Perf — Row-keyed full `MergeBatcher` push + seal

mz-compute/benches/columnar_merge_batcher_row.rs. Drives the entire batcher cycle for both the legacy (Chunker<ColumnationStack> + ColInternalMerger) and column (ColumnChunker + ColumnMerger) paths: 64 push-rounds of 4 K records each, then a final seal so the chunks flow through Merger::merge (chain compaction during push + final merge) and Merger::extract. Same regimes/sizes as the merger bench.

┌─────────────────┬───────────────────────┬───────────────────────┬───────────────────────┐
│     Config      │      columnation      │        column         │ column vs columnation │
├─────────────────┼───────────────────────┼───────────────────────┼───────────────────────┤
│ mixed/32K       │ 824 MiB/s (227.5 µs)  │ 897 MiB/s (209.0 µs)  │          1.09× faster │
├─────────────────┼───────────────────────┼───────────────────────┼───────────────────────┤
│ collisions/32K  │ 1.02 GiB/s (180.3 µs) │ 1.02 GiB/s (179.3 µs) │          1.01× faster │
├─────────────────┼───────────────────────┼───────────────────────┼───────────────────────┤
│ disjoint/32K    │ 876 MiB/s (214.1 µs)  │ 919 MiB/s (204.1 µs)  │          1.05× faster │
├─────────────────┼───────────────────────┼───────────────────────┼───────────────────────┤
│ mixed/512K      │ 547 MiB/s (1.37 ms)   │ 554 MiB/s (1.35 ms)   │          1.01× faster │
├─────────────────┼───────────────────────┼───────────────────────┼───────────────────────┤
│ collisions/512K │ 596 MiB/s (1.26 ms)   │ 614 MiB/s (1.22 ms)   │          1.03× faster │
├─────────────────┼───────────────────────┼───────────────────────┼───────────────────────┤
│ disjoint/512K   │ 557 MiB/s (1.35 ms)   │ 571 MiB/s (1.31 ms)   │          1.03× faster │
├─────────────────┼───────────────────────┼───────────────────────┼───────────────────────┤
│ mixed/8M        │ 337 MiB/s (35.60 ms)  │ 297 MiB/s (40.40 ms)  │          1.14× slower │
├─────────────────┼───────────────────────┼───────────────────────┼───────────────────────┤
│ collisions/8M   │ 384 MiB/s (31.23 ms)  │ 369 MiB/s (32.50 ms)  │          1.04× slower │
├─────────────────┼───────────────────────┼───────────────────────┼───────────────────────┤
│ disjoint/8M     │ 338 MiB/s (35.49 ms)  │ 320 MiB/s (37.55 ms)  │          1.06× slower │
└─────────────────┴───────────────────────┴───────────────────────┴───────────────────────┘

Reading the curves

Row workloads with galloping room are where column wins decisively.
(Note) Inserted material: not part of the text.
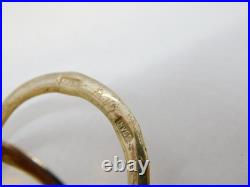 Inverness Scottish Provincial Sterling Silver, Citrine Thistle Place Setting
Headline: Merger::merge Row/disjoint/8 MiB tops at 28.94 GiB/s vs columnation's 4.09 GiB/s — 7.07× faster. That's the merge-batcher's actual hot path for hydration: pre-sorted batches from persist composing into larger sorted runs.
Row + variable-length payload closes the per-leaf push tax. The merger bench shows column tied or winning on every Row config; the only sub-1.0× ratios are within ~5%, well inside thermal noise on Apple Silicon. This is the regime that matters for compute arrangements over real data.
Primitives are a structural-floor regime for Column. A 24-byte record × 4 leaf pushes per record vs columnation's single flat-slice push; the per-leaf dispatch cost is fully exposed when the working set fits in cache (worst gap 5.78× at 512 KiB collisions). Galloping (disjoint) still wins decisively at every cache-resident size (peak 4.21× at 8 MiB), where column's per-leaf extend_from_self is the right primitive for long runs.
Full-MergeBatcher bench tightens the 8M gap. End-to-end the column path is at-or-better than columnation on every cache-resident size (32 KiB / 512 KiB) and within 1.04–1.14× at 8 MiB. The 8M residual is the structural per-leaf push tax surfacing in merge_from cascades on interleaved keys; cache-resident regimes don't see it because chunker work dominates and the chunker is now competitive.
The 128 MiB primitive disjoint slowdown (1.45× slower) is one bandwidth-pathological case: a single ~128 MiB memcpy where columnation's one-slice copy edges out column's three independent leaf copies. Run-to-run noise on Apple Silicon is high here — number swings 15–41 GiB/s across runs without code changes. Not a regime real workloads hit; chunks are ship-threshold-bounded at 2 MiB.

Test plan

cargo nextest run -p mz-timely-util columnar — 15/15 pass (10 hand-written + 5 proptests).
cargo bench -p mz-timely-util --bench columnar_merger — produces the primitive table above.
cargo bench -p mz-compute --bench columnar_merger_row — produces the Row merger table.
cargo bench -p mz-compute --bench columnar_merge_batcher_row — produces the full-batcher table.
CI green.

antiguru

Very cool! I left some comments inline, but overall this points in the right direction.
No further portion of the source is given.